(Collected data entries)

-------------------------

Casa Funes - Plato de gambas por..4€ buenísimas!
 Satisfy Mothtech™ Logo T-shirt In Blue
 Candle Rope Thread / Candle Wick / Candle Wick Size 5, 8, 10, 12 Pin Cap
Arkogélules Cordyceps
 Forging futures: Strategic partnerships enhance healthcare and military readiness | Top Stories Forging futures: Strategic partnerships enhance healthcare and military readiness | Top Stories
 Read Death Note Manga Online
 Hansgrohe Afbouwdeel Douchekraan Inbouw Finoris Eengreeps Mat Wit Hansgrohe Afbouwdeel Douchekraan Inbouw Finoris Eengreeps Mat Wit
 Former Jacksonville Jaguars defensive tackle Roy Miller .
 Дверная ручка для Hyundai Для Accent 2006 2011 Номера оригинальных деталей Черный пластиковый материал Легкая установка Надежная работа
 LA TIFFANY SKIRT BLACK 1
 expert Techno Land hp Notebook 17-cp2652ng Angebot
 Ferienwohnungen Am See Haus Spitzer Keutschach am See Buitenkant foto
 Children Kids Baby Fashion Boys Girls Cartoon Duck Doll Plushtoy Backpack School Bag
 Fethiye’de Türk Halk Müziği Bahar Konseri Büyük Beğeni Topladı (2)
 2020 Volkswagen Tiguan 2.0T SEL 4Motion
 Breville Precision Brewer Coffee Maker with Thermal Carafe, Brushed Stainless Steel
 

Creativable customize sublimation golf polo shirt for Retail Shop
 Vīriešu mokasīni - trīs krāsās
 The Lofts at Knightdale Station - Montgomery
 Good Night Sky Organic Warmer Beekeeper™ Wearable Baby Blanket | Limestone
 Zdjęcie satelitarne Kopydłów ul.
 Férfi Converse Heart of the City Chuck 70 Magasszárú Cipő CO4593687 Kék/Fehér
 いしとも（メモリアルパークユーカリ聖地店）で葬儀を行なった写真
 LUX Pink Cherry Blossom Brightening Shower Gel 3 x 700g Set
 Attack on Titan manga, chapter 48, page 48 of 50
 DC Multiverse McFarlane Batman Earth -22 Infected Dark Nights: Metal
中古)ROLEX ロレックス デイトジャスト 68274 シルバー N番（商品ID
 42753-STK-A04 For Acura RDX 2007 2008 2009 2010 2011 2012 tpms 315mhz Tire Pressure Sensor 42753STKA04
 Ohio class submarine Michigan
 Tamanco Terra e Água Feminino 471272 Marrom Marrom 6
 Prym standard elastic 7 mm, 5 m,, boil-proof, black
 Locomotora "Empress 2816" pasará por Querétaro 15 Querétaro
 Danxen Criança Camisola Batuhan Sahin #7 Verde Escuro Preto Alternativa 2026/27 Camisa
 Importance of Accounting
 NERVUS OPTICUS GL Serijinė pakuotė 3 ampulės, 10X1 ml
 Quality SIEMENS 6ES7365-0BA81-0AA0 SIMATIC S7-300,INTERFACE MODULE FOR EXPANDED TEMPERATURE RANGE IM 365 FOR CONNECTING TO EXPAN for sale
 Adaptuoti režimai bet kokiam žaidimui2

-------------------------

(Work item) Beginning with the line that contains "Quality SIEMENS 6ES7365-0BA81-0AA0" and ending with the last line of the data above, return those lines exactly and nothing else.

(Exercise output)
 Quality SIEMENS 6ES7365-0BA81-0AA0 SIMATIC S7-300,INTERFACE MODULE FOR EXPANDED TEMPERATURE RANGE IM 365 FOR CONNECTING TO EXPAN for sale
 Adaptuoti režimai bet kokiam žaidimui2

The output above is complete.